Most of our Olympians came up through local clubs not schools. In track-side interviews, still breathless from their efforts, almost all pointed to the National Lottery and other public funds as key to their success. Even hurdler Lawrence Clarke, heir to a baronetcy no less, only got serious about sport at university. School (Eton) he said, was of little help. The public money directed towards individuals like him, was.
Double gold winning distance runner Mo Farah may have been spotted and encouraged by a school PE teacher but he ran on a public track. It is now apparently derelict.
And that is what we should be discussing: the need for investment in community sports facilities.
School fields are often many miles and long bus journeys away from the institutions they serve. Much better to have a good gym and a hall that can be used whatever the weather.
The vast majority of school fields are closed outside school hours. Public facilities available to communities year round are of more use. The coaches and specialist staff that many of them host are more valuable than any PE teacher, however committed and skilled.
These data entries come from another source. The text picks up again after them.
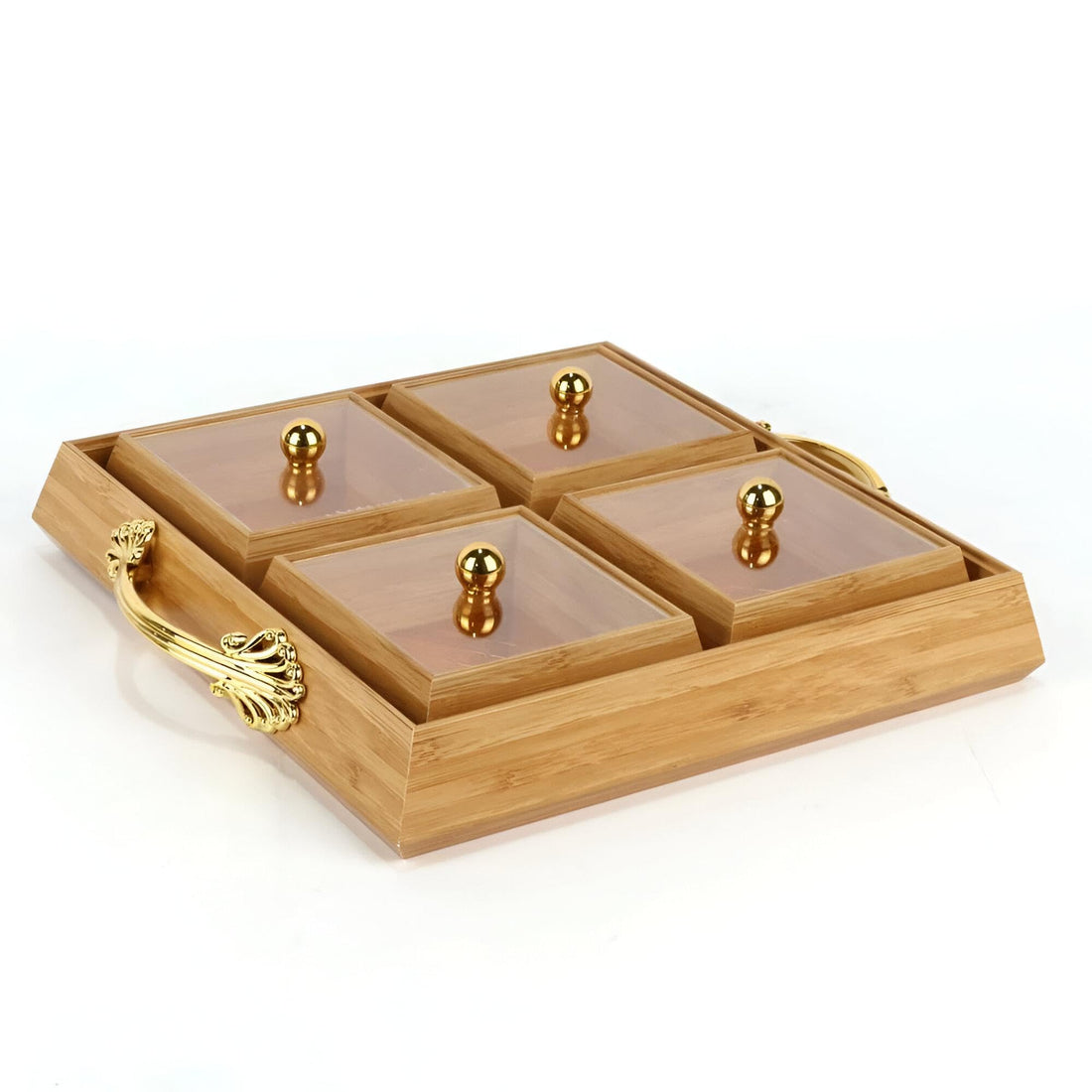 Wooden Quad - a four-section quad to serve nuts and confectionery with acrylic covers and a gold handle that elevates the elegance of travel and hospitality.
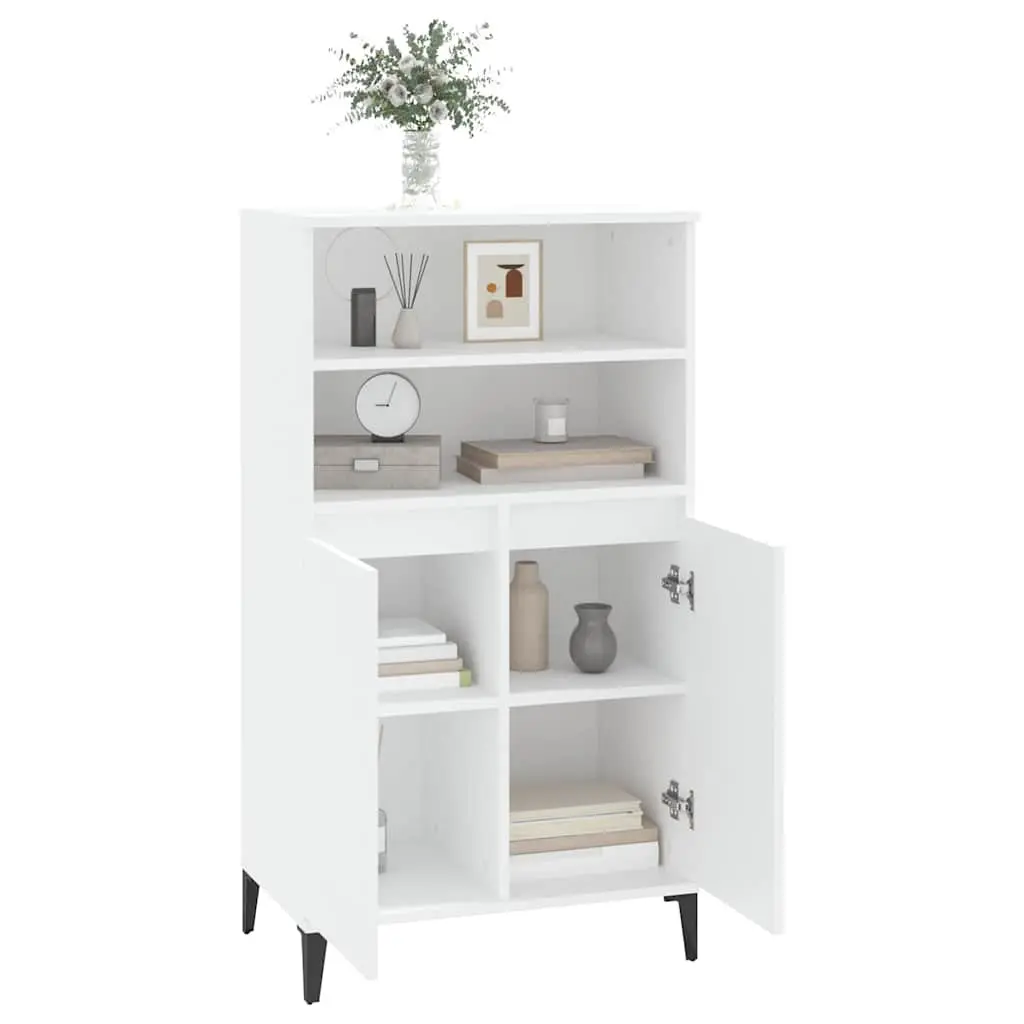 Highboard Storage Cabinet Engineered Wood 60x36x110 cm White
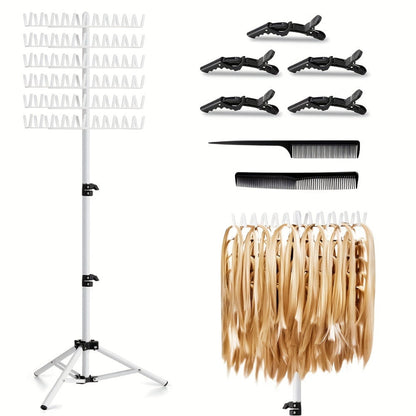 Hair extension stand with hangers, clips, and combs on a white background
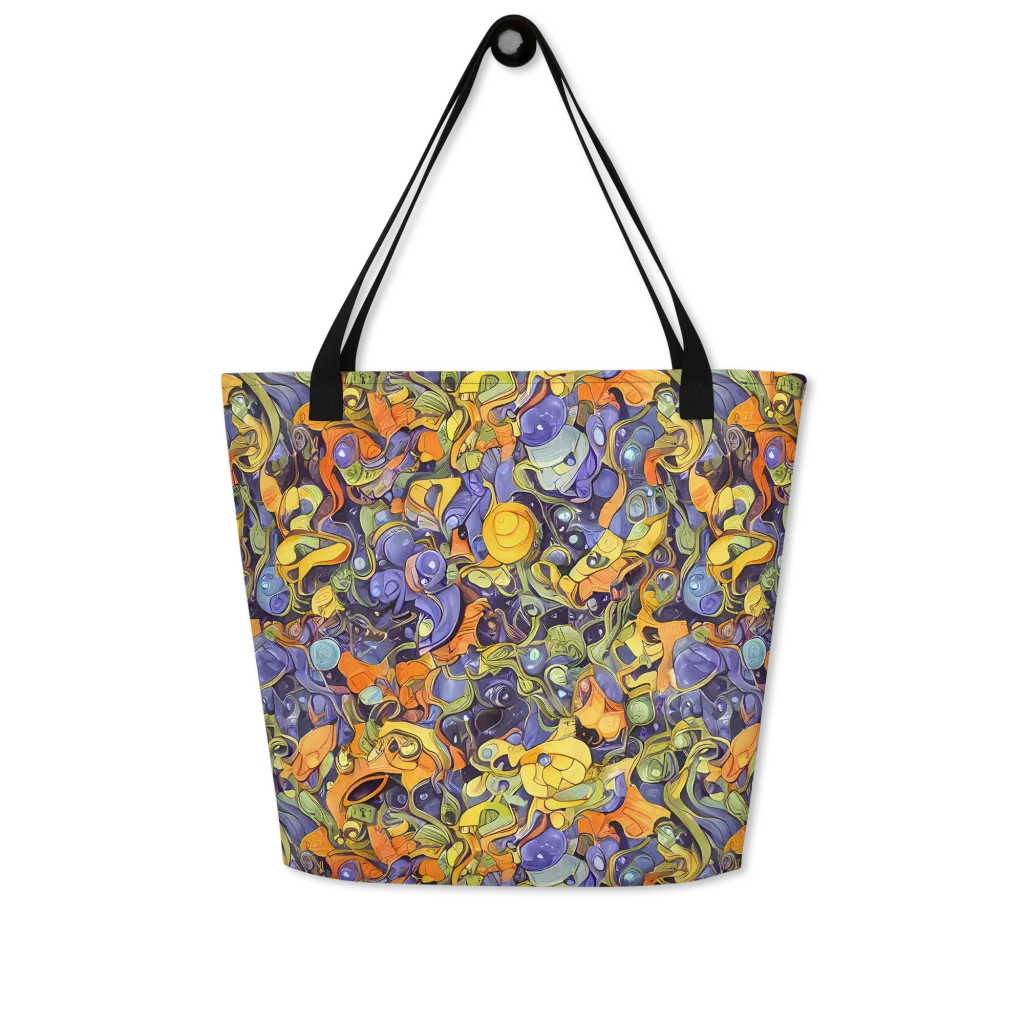 Indigo Uproar on Large Tote Bag W/ Pocket — Front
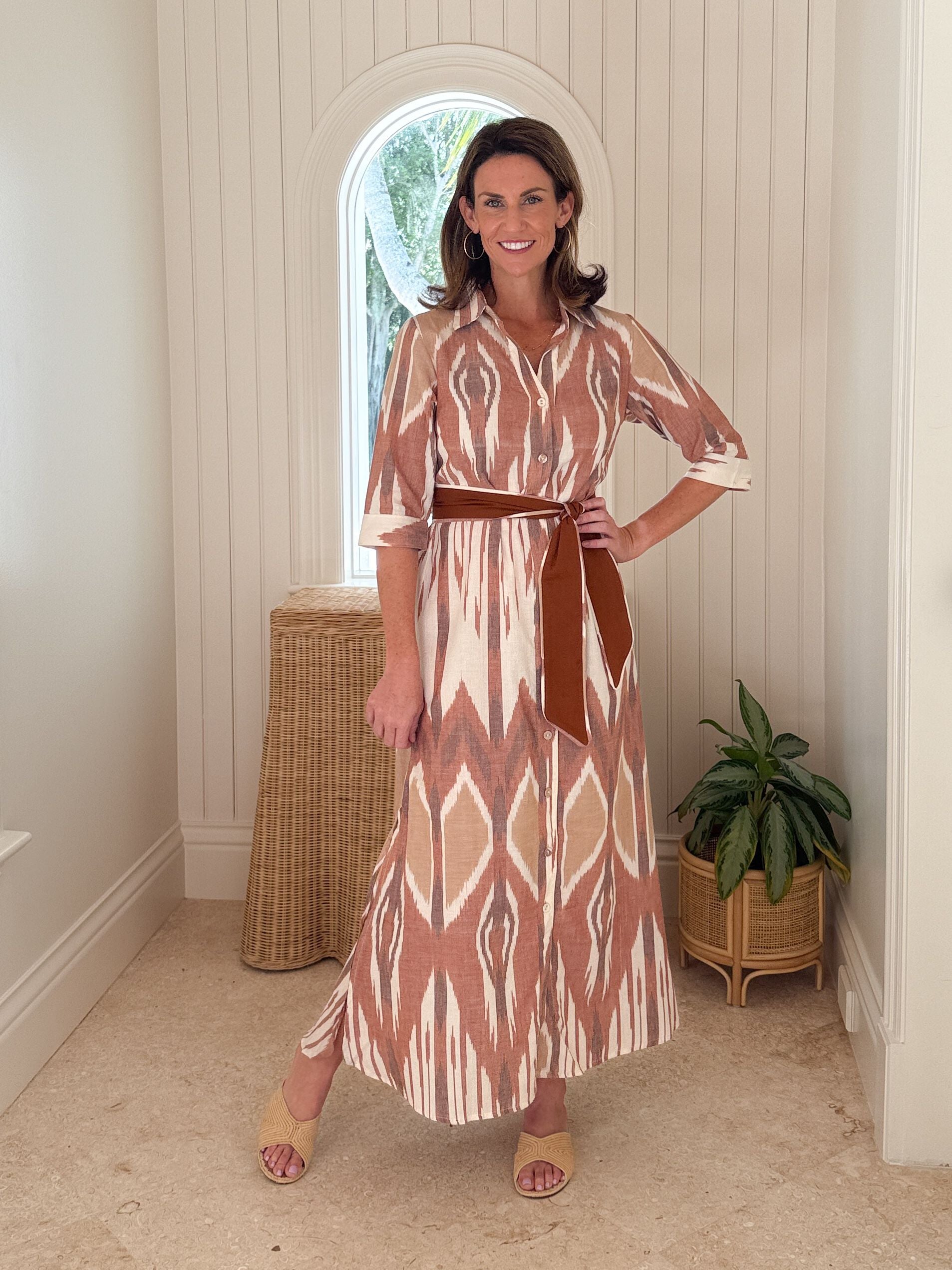 BEAU & RO Eloise Dress Brown Ikat
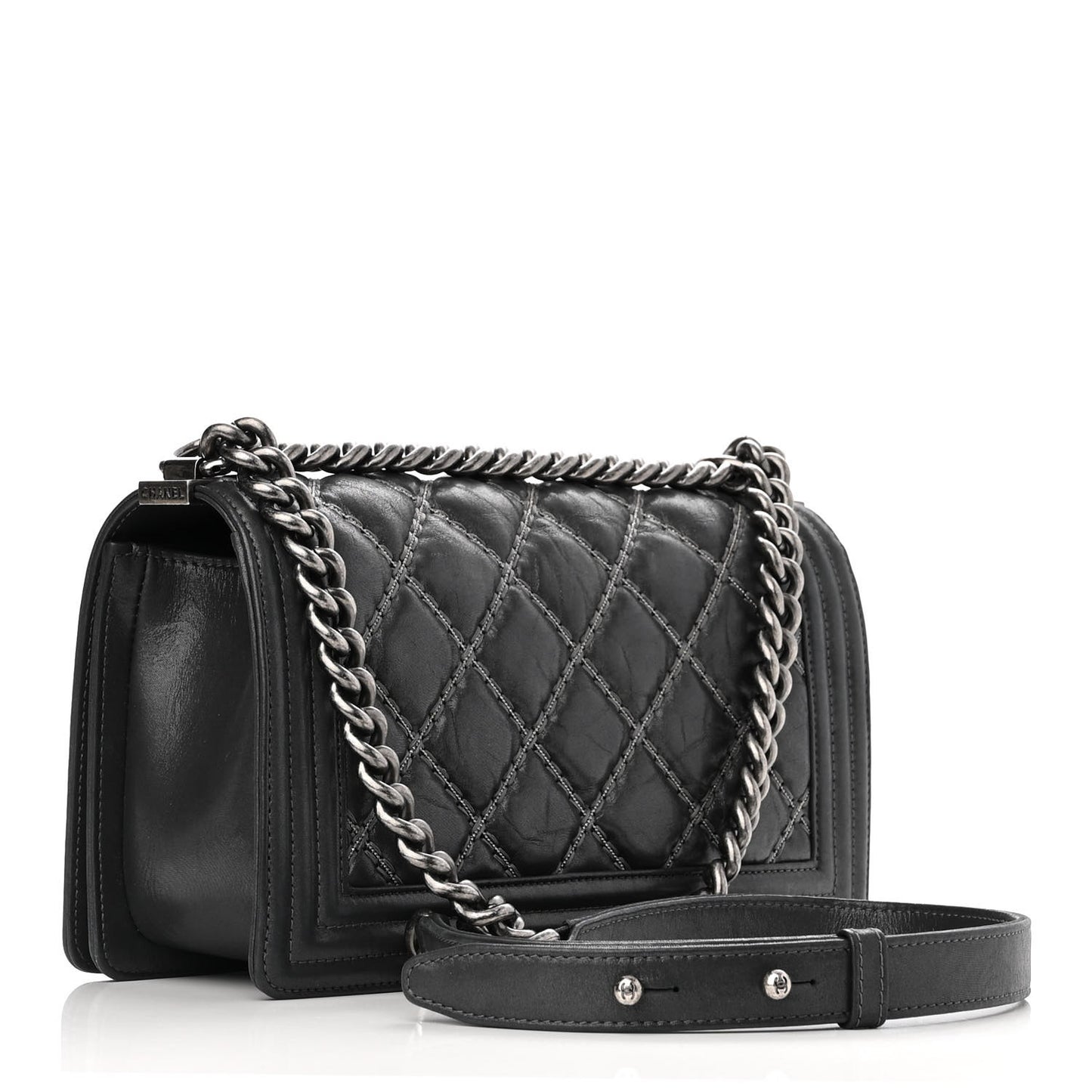 Iridescent Calfskin Embellished Double Stitch Medium Boy Flap Charcoal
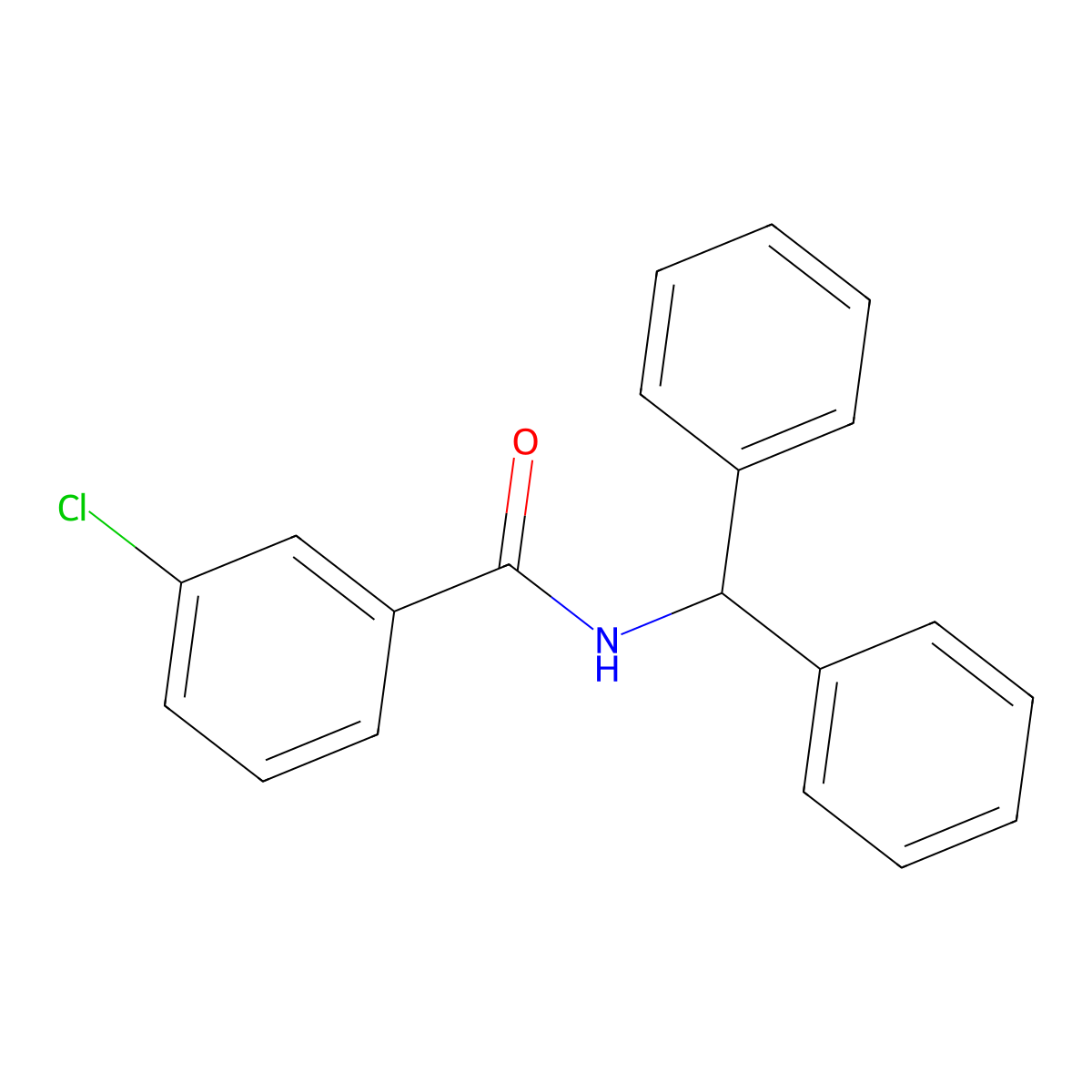 N-Benzhydryl-3-chlorobenzamide molecular structure, CAS 127568-46-1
But even before the coalition took office in 2010 and began its massive spending cuts, the Daily Telegraph had started a campaign to halt the decline in community sports facilities. Since the budget-slashing spending review that followed the election, leisure centres – along with libraries and other “recreational” services – have felt the squeeze.
Sport England, the body responsible for community sport saw its government grant slashed by 33% and its capital budget reduced by 40%. All over the country, sports-related charities funded by local government have been axed.
Meanwhile the Prime Minister and the Education Secretary talk of wanting to change the culture in schools. There must be more competition they say, and an end to the leftie notion that everyone must have prizes. That’ll make Olympians of us all.
It’s another red herring. Nobody in government has ever offered a shred of evidence to back their claims about prolific loser egalitarianism. A quick look at some of my local school websites confirms that competitive sports days with cups and trophies are very much in vogue, even in staunchly Labour Islington.
The battle of Waterloo may have been won on the playing fields of Eton. The battle for healthy, active children won’t be won on the soggy, expensive-to-maintain fields of our cash-strapped schools. Yes, they should have sports facilities. Yes, teachers must encourage sporting activity and identify those who excel. But let’s fund grassroots community facilities and clubs with first-class trainers and talent spotters of the sort that led Mo and Jessica and all the others to Olympic gold.